Cloud Tower
In 2005 the next ENTERprise won a competition that called for a concept to revive the historical landscape garden of Grafenegg Castle and for the design of a pavilion that should serve both as a landmark and a concert venue during festival season in summer. In its current incarnation the park is 250 years old. The mature tree plantings and the variety of styles left by successive generations, account for much of its appeal.
The aim was to design a Gestalt unconstrained by functional needs and in this related to the typology of the pavilion that would reveal itself as a stage once a performance started. How can such a structure retain its aesthetic autonomy and at the same time become an instrument for directing sound for an audience of 1700 people?
The basic rule of acoustics for open-air stages, what you see is what you hear serves as a cue to explore affinities between perspective and acoustic space. Placed in an existing topographic depression, the Große Senke , further deepened by modeling the terrain, the pavilion inserts itself into the field of sightlines and vistas typical of a landscape garden, re-contextualizing the existing relational field of the park.
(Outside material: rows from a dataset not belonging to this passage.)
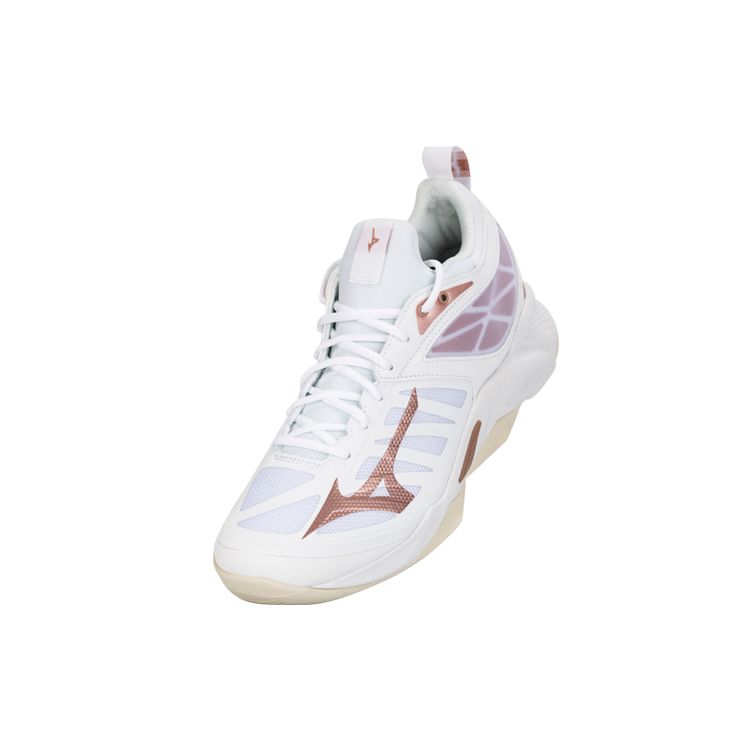 Mizuno Wave Dimension Stoff Synthetikleder Dämpfung Leicht Atmungsaktiv Low-Top Volleyballschuhe Unisex Sneaker Weiß Roségold V1GC224036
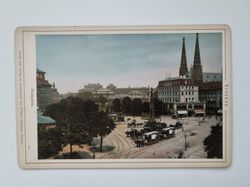 Äldre bild/foto i hårdpapp, Dresden Postplatz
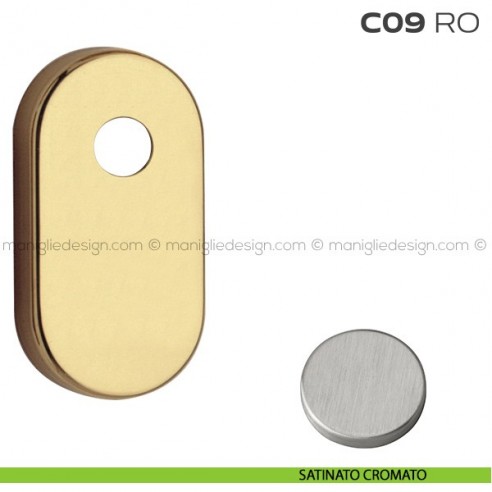 Bocchetta ovale con foro asse per cilindretti con codolo 31x62 mm C09RO Reguitti satinato cromato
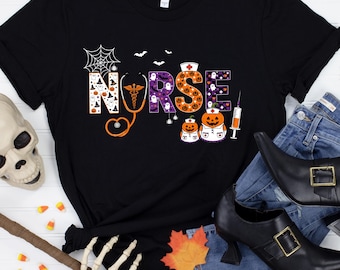 Halloween Nurse Shirt Cute Ghost Pumpkin Medical Tee Spooky Fall Gift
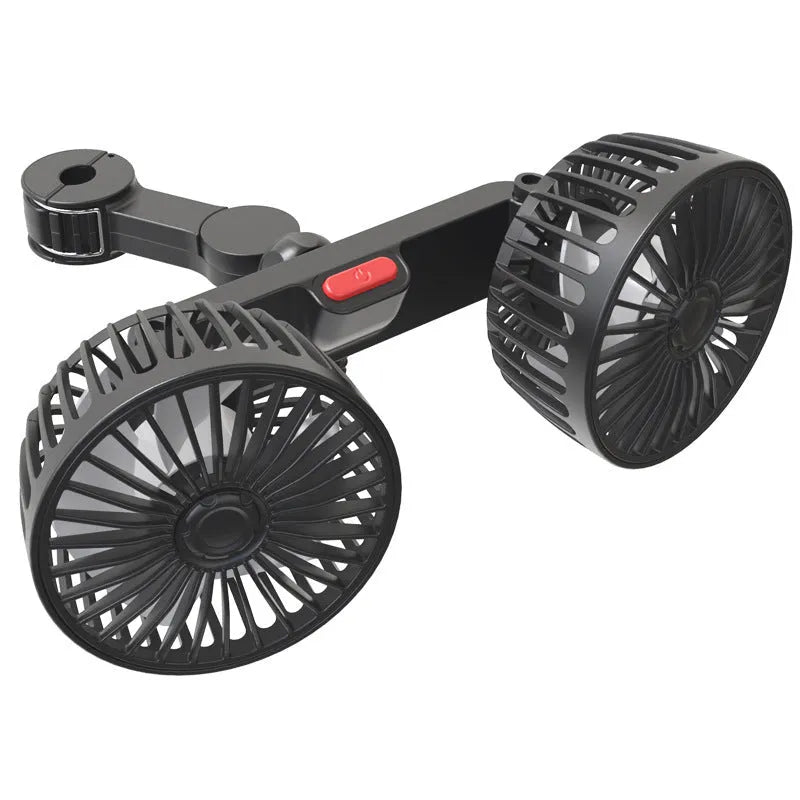 Black car USB rear pillow single head fan with adjustable vents for vehicle cooling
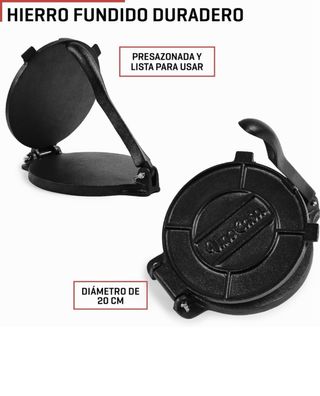 Prensa para tortillas de 20 cm + papel de horno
Through its topographical configuration, it reinterprets formal elements of the landscape garden the play with perspective and visual relations, with contraction and expansion, with enclosure and opening.
The Schneise (loosely translated: an incision in the landscape) creates a vista linking the riding school to the Black Gate, and serves as an entrance to and a passage through the auditorium area.
Coming from the gate, the visitor is enticed to proceed by the silhouette of the cloud tower , visible behind the artificial mound. Immersing himself into the incision, he tunnels through the hill and after passing this deep narrow enters the wide arena of the auditorium, the cloud tower of the stage roof suspended above it.
The pavilion itself is generated from topographical formations the incision, the incline, the hill and the architectonic folding of the roof, at once merging with the landscape and raising from it. These two principles correspond to the use of monolithic fair-face concrete for the stage and auditorium and of folded steel for the roof.
The materials used in the stage area are highly reflective and help build the sound energy necessary for the size of the auditorium.
The stage roof is designed as an autonomous, sculptured object. Suspended above the landscape on a level with the tree canopies it is placed among the groups of trees as if it were one more of them. The shiny metal surface on the outside reflects the sky and the trees, turning into a Cloud Tower.